I live in a country with universal health care.  It does of course take a huge chunk of taxpayer funds (it's supposed to be funded by National Insurance contributions) and there are a lot of problems with it.   Tourists visiting without getting health insurance and benefiting from costly treatment is a problem.  Binge drinkers ending up in accident and emergency is a costly problem.  There are certainly issues with it, but I don't really know how a person looks at a system of universal health care and ascertains whether the inevitable problems and imperfections mean it has failed.  

Is there a private health care option in Canada, Pepperbird?  In the UK, a lot of people get Bupa cover either privately or through their work.  Others will sometimes pay for private treatment if they can afford it and don't want to wait.  So it isn't a case of having no option but to use NHS services.  There are private medical facilities too, but they are of course expensive.

technically, we're not supposed to have private health care here, but we do. If you can afford the $1,000.00 you can jump the line, so to speak, and get diagnostic imaging and other services at privately run clinics. Basic dental care and eye care are user paid services, except for kids. There's also a sort of nebulous system where one can pay to speak to a doctor online and get a scrip for medical cannabis.

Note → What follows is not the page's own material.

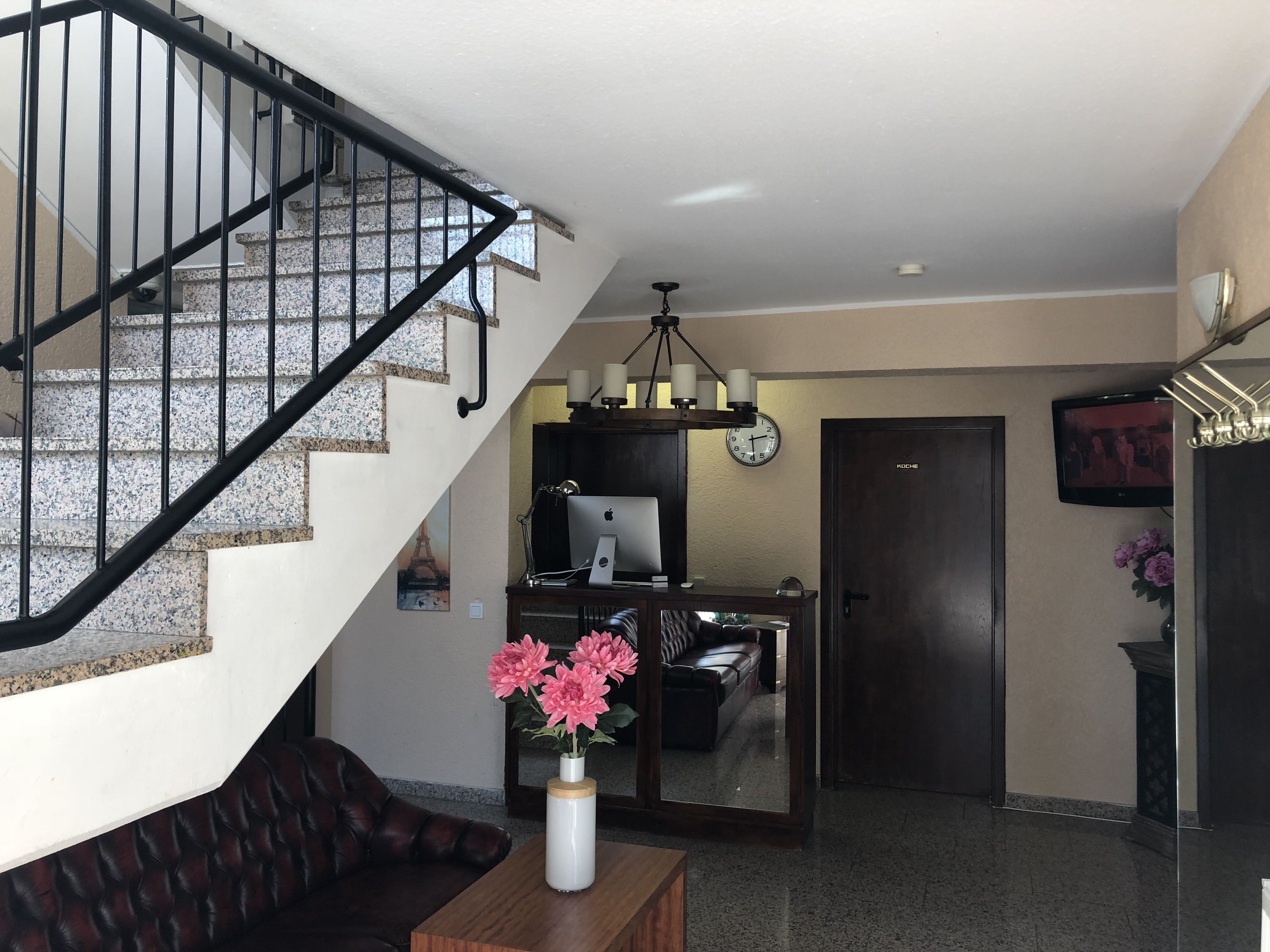 入住/退房自助服務台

It's so bad here right now that last month, our premier got caught travelling to the next province over, closed borders and all, for medical treatment. Meanwhile, one of the cleaners I was talking to when I was int he hospital was telling me he works all day around doctors etc., but can't get one for his own little girl. A great example of wealth inequality.  Health care here is also very political, which doesn't help the situation at all.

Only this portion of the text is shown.